Data section |
^^^^^^^^^^^^^^^^

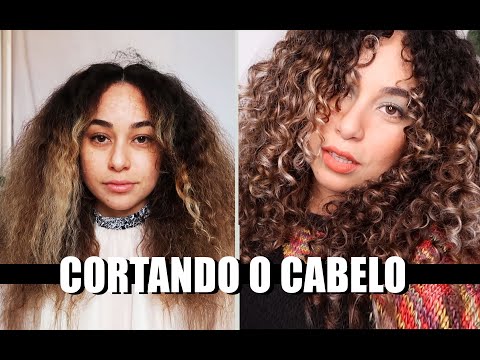 COMO CORTAR CABELO CACHEADO SOZINHA! MUITO FÁCIL😍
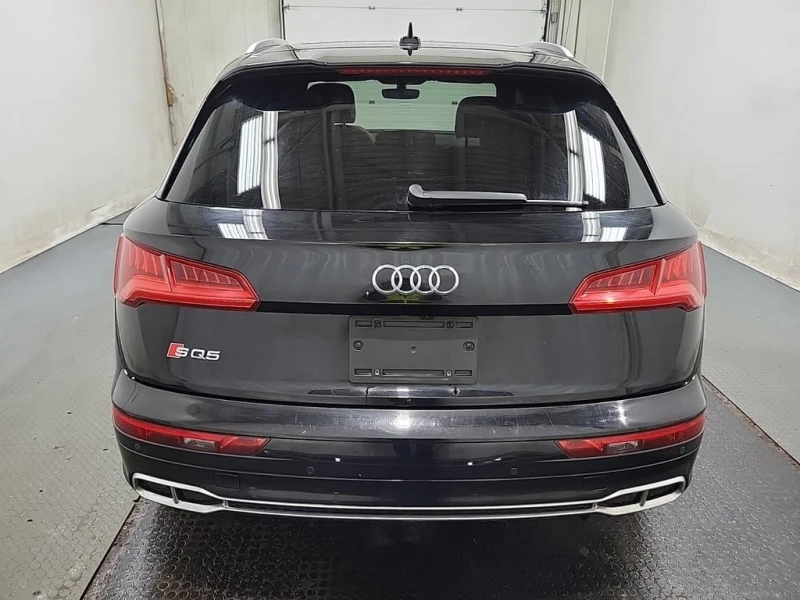 Audi SQ5 * PROGRESSIV * CARFAX * БЕЗ ПЪРВОНАЧАЛНА ВНОСКА, снимка 6 - Автомобили и джипове - 53210910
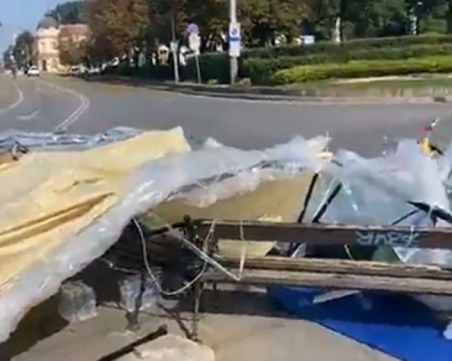 Нападнаха палатковия лагер пред Софийския университет, хвърляха павета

^^^^^^^^^^^^^^^^

Problem to solve | Retype the entire listing exactly as it appears, dropping only the pictures.

Result of the exercise |
 COMO CORTAR CABELO CACHEADO SOZINHA! MUITO FÁCIL😍
 Audi SQ5 * PROGRESSIV * CARFAX * БЕЗ ПЪРВОНАЧАЛНА ВНОСКА, снимка 6 - Автомобили и джипове - 53210910
 Нападнаха палатковия лагер пред Софийския университет, хвърляха павета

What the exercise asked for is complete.